Jim Clark: At last, Congress accomplishes something
In the spirit of the holiday season, a bipartisan duo consisting of Sen. Patty Murray, D-Wash., and Cong. Paul Ryan, R-Wis., crafted a budget deal that passed both the GOP House and the Democratic Senate — proving that it can be done.
Meanwhile, barely noticed by the media, conservative Sen. Tom Coburn, R-Okla., and Diane Feinstein, D-Calif., two very unlikely allies, cobbled together a proposal to eliminate the requirement that refiners add corn ethanol to the nation’s gasoline supply. That makes two bipartisan bills … count ‘em … two from this contentious Congress. How could this happen?
The ethanol blending requirement emanated from the Renewable Fuel Standard law of 2005 which basically requires refiners to add fuels from renewable sources in increasing amounts each year. Politically it was thought wise to butter up the agricultural industry (Iowa is the first Presidential preference test state) so corn ethanol became the means by which refiners complied with the law.
This mandate went fairly smoothly until refiners proposed to increase the ethanol additive to above 10 percent of a gallon of gas. Car manufacturers responded by announcing that any increase could damage engines and threatened to void car warranties if a higher percentage blend was used.
That energized the petroleum industry into lobbying for a reduction or repeal of the ethanol mandate. With the advent of higher efficiency vehicles consumption of gasoline has fallen. The ethanol mandate essentially deprived big oil of 10 percent of a declining market. Both Oklahoma and California are big oil producing states so the special interest pressure engaged the attentions of Coburn and Feinstein, both pinnacles of respect in the Senate.

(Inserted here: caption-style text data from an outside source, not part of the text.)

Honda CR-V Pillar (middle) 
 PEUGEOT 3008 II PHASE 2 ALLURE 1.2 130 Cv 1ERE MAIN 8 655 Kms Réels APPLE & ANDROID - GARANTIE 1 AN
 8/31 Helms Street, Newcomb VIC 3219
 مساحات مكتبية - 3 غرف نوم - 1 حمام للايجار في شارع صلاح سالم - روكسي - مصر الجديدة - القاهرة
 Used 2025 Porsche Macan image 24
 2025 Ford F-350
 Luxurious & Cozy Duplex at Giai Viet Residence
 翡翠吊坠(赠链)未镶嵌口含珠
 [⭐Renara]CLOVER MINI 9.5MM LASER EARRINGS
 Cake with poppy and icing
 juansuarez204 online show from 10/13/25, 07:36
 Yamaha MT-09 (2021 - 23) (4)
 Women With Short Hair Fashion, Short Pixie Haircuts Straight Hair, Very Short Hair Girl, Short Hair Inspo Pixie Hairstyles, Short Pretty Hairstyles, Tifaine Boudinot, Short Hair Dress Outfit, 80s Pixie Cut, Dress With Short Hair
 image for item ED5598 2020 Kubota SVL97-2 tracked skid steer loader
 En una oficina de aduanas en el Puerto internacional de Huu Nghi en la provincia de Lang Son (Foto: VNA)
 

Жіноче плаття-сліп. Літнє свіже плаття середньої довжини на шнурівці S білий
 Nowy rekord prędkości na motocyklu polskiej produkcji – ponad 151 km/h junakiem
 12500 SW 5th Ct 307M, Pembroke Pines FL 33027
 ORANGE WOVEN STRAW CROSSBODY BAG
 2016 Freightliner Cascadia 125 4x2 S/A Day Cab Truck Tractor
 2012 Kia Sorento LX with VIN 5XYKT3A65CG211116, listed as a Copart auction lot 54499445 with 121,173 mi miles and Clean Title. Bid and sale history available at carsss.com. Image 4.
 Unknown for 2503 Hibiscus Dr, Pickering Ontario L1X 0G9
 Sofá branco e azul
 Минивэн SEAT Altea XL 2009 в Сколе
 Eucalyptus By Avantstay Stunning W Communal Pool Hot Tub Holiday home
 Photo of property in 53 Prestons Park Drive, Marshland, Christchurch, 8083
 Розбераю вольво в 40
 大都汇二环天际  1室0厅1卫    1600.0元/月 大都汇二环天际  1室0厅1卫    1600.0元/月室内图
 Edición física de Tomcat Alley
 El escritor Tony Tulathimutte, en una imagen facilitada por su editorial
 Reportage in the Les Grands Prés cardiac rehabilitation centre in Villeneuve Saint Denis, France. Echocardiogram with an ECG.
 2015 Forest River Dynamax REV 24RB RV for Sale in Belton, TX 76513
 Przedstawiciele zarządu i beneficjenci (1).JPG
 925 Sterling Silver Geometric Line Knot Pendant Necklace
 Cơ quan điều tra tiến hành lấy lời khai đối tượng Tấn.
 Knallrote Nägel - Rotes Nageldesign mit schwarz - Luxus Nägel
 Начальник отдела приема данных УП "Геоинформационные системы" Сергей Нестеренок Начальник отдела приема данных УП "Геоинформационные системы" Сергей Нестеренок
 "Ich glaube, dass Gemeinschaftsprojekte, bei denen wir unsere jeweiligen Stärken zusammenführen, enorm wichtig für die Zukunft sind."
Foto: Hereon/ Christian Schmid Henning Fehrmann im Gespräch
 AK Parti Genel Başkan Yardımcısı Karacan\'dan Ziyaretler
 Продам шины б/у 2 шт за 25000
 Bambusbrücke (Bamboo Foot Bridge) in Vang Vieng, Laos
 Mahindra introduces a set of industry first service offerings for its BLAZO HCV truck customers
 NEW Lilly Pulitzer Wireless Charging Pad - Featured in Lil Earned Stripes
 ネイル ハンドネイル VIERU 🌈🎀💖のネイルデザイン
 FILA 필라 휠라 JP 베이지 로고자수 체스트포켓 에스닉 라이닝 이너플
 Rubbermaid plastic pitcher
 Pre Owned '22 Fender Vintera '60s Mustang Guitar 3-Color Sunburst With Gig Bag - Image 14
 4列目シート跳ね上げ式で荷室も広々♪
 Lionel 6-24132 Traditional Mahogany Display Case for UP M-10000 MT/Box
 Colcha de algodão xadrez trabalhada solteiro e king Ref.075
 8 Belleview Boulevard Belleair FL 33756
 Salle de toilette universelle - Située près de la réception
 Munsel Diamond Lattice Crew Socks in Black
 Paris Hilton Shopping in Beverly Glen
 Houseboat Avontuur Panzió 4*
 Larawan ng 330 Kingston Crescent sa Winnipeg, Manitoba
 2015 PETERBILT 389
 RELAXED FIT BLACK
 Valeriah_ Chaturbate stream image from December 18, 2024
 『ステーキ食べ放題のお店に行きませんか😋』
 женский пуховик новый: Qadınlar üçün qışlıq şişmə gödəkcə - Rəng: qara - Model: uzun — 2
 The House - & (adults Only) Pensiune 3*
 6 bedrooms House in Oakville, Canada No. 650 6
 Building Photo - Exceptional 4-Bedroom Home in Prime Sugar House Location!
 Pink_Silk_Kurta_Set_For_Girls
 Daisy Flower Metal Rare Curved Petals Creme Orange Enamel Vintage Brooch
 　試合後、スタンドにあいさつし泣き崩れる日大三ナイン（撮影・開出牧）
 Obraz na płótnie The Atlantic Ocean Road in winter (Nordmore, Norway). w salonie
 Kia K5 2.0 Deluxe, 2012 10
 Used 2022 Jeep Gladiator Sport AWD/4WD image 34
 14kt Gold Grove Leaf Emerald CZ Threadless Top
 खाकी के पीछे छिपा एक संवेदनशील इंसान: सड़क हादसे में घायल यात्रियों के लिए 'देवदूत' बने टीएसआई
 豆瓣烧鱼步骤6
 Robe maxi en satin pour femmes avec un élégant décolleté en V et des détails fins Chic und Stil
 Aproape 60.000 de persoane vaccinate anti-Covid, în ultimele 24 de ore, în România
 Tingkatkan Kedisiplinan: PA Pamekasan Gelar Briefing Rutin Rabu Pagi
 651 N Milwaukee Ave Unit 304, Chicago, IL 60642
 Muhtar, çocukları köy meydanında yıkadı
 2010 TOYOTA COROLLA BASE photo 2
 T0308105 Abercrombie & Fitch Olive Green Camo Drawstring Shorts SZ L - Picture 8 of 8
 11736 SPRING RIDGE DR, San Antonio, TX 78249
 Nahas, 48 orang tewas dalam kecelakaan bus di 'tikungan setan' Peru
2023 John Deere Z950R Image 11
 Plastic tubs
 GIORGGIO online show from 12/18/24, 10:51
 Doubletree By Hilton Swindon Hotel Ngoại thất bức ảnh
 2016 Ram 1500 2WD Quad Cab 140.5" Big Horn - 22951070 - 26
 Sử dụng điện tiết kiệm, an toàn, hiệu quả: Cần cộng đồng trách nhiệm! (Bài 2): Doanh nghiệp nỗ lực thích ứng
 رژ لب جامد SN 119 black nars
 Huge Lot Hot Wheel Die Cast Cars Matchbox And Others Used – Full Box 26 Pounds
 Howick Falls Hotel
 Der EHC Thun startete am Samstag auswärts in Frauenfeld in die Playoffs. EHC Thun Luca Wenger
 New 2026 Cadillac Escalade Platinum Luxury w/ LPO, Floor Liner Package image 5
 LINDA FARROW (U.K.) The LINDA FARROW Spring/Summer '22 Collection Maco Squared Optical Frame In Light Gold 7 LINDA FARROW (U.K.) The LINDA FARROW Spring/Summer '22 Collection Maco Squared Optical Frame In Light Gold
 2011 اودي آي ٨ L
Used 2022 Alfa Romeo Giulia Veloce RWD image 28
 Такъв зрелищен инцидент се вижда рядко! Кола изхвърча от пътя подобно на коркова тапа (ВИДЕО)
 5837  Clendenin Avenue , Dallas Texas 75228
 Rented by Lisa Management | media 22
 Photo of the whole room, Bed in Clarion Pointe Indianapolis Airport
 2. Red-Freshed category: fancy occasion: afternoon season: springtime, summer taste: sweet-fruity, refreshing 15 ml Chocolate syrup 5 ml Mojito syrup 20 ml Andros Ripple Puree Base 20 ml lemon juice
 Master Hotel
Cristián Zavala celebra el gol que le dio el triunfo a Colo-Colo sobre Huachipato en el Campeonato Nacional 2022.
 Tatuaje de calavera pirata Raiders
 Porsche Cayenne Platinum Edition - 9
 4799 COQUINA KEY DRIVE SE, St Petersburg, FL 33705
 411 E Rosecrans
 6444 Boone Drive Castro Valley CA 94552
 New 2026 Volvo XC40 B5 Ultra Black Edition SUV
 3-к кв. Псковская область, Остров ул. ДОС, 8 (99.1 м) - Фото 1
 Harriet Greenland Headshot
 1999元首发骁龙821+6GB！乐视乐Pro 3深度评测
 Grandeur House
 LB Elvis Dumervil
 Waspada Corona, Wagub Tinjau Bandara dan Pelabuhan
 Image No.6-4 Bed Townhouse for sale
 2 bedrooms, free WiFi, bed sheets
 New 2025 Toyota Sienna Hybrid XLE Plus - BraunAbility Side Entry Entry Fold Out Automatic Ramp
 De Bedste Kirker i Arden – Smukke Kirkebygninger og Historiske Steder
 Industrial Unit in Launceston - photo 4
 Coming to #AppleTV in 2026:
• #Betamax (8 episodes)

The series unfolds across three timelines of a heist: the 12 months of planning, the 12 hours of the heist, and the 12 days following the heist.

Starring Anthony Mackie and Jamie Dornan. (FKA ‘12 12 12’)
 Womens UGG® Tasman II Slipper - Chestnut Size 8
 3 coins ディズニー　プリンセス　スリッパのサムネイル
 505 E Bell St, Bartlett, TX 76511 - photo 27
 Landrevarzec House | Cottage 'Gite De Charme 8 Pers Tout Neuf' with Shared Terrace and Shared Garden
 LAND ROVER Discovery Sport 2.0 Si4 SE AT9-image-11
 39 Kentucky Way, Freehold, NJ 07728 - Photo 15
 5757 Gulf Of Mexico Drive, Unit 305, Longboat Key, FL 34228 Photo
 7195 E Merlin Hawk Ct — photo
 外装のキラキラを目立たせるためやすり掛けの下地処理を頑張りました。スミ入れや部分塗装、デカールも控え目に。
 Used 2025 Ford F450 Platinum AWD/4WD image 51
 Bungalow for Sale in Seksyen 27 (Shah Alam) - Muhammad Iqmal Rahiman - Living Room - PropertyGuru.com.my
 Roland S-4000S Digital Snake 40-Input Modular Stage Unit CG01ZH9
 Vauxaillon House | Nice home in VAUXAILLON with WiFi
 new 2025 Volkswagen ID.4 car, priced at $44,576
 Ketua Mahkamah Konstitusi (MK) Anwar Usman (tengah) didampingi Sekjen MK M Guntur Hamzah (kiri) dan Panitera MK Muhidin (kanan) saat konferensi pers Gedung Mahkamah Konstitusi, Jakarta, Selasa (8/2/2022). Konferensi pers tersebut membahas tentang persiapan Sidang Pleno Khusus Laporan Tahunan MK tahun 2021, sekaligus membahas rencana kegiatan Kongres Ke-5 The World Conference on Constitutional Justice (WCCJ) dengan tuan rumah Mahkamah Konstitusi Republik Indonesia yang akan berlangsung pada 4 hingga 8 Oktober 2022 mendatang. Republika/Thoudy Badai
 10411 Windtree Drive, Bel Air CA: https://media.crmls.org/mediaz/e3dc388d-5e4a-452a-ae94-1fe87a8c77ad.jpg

It was not a hard sell. 44 percent of corn production has been going into auto fuels artificially inflating food and feed prices while not helping the environment. Also the Renewable Fuel Standard law requires an annually increasing percentage of domestic fuels to be from a renewable source and at 10 percent we have reached a “blend wall” beyond which automotive engines are endangered.
If passed by Congress and signed by the President the Corn Ethanol Mandate Elimination Act of 2013 will leave in place the renewable fuels standard but eliminate the mandate that corn ethanol be used. In Brazil, for example, they blend sugar alcohol into their fuels. Corn ethanol may still be used to comply with the law but it will not be mandated and it will have to compete with other products on the open market.
Cosponsors of the bill include Richard Burr, R-N.C., Susan Collins, R-Maine, Bob Corker, R-Tenn., Jay Hagen, D-N.C., Jeff Flake, R-Ariz., Joe Manchin, D-W.Va., and Jim Risch, R-Idaho, lawmakers representing a broad range on the political spectrum.
The proposal has strong support from the prepared food industry, dairy, beef, poultry, oil and gas, engine manufacturers, boaters, hunger relief organizations and environmental groups, an equally broad range of interest groups.
If you like reasonably priced bourbon or corn tortillas you should welcome this measure. Gannett News Service just reported that beef prices are expected to rise 3 percent to 6 percent next year. Maybe repeal of the mandate will reduce pressures on beef prices.
Repeal is opposed by corn growers who have prospered under the mandate. Their political arm, Fuels America, claims that elimination of the mandate will destroy the entire renewable fuels industry, including research into cellulosic fuels which Feinstein claims to support. I guess we’ll have to wait and see.